If we stop there for a moment - this was the level of support for building provided by Eclipse a few years back. Although PDE does a very good job of building things interactively, it is fair to say that the headless PDE/Build has been the source of much pain and frustration. To complete the picture; at this time there was also the "releng" system in use at Eclipse, which only ran on the Eclipse servers.

Improving on PDE

While PDE/Build has more or less remained unchanged there has been many different approaches to how to provide good support for headless builds. Some took the scripting route - improving on releng base builder (Athena), some wrote their own scripts, other started modeling PDE like this project in PDE incubator, and some wrote better/easier to use script generators like pluginbuilder.

Eclipse Buckminster

When the Eclipse Buckminster project was introduced in 2005 it focused on additional things — when using generated scripts and technologies external to the IDE there are often issues caused by differences in how things are built i.e. it works just fine in the IDE but breaks in the build. An important goal for Buckminster was (and still is) to provide exactly the same build interactively as on the servers. This means that Buckminster has a tight integration with the builders running in a workspace made available in an efficient packaging for headless execution. Another important design decision was to use the existing information (i.e. the meta data used by PDE in the IDE) without generation of scripts and without roundtrip engineering, instead using advice/decoration to modify discovered metadata when the original information is not enough.
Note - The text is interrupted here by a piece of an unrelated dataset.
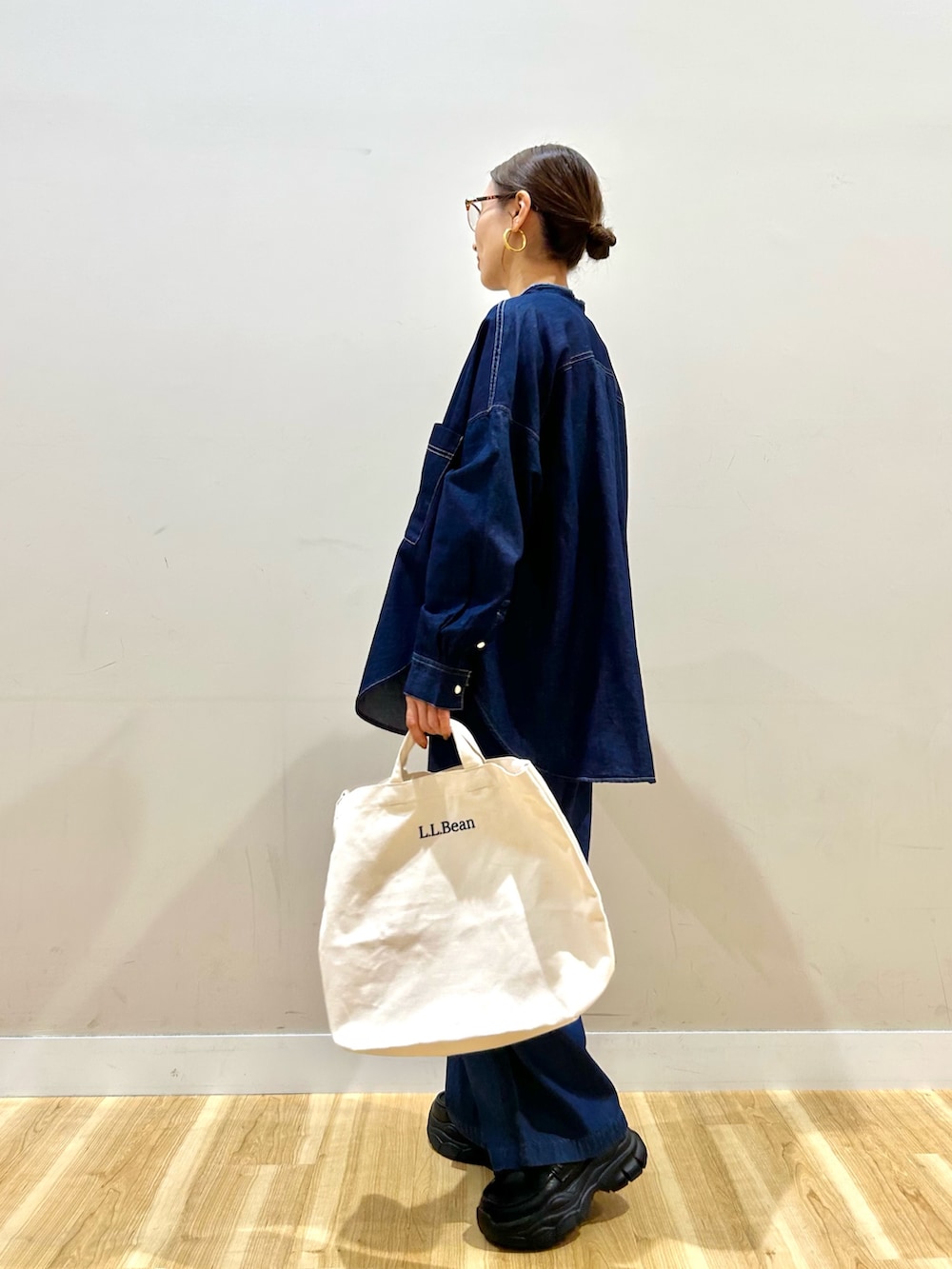 ブルー系のシャツ/ブラウス、ブラック系のモッズコート、その他のニット/セーターを着用したレディースの冬コーディネートの6枚目の写真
In addition to the important philosophical difference, Buckminster also provides unique support for materialization of a workspace, automatic provisioning of a target platform, running JUnit tests, EclEmma code coverage, Hudson integration, and much more.
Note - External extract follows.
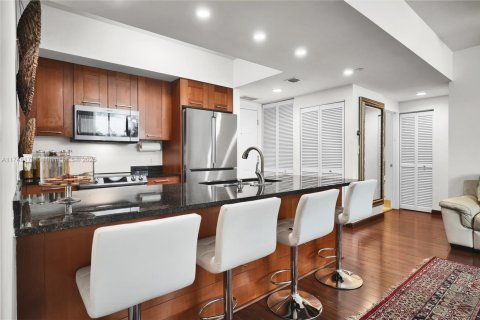 Condo in Coral Gables, Florida, 2 bedrooms № 1985389 - photo 12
Note that when Buckminster builds PDE related material (Buckminster can build other things as well), it calls on the same PDE logic that is used when building with interactive PDE.

Tycho

Tycho is a set of Maven plugins that provide building of OSGi and Eclipse related components (features, plugins, RCP products, etc.) and is an alternative to PDE suitable for those that have a Maven centric setup. Tycho does not use the original PDE logic.

Eclipse b3

The b3 project is about making it easy to work with build systems — discovering and modernizing or integrating existing build systems should be just as easy as building meta data rich components interactively or in continuos integration fashion. Eclipse b3 starts at the very other end of the spectrum than "which compiler to use" or which meta data dialect is used to describe components.

Eclipse b3 does this by providing EMF based models for build (i.e. components, their relationships, versions, types, etc.), expressions (i.e. the processing in form of tasks, builders, compilers, etc.), and p2 (with support for aggregation, re-categorization, mirroring, maven meta data publishing, and more), as well as a concrete syntax in form of a DSL implemented with Xtext that provides a rich text editing environment, and an evaluator that makes it possible to run b3 scripts.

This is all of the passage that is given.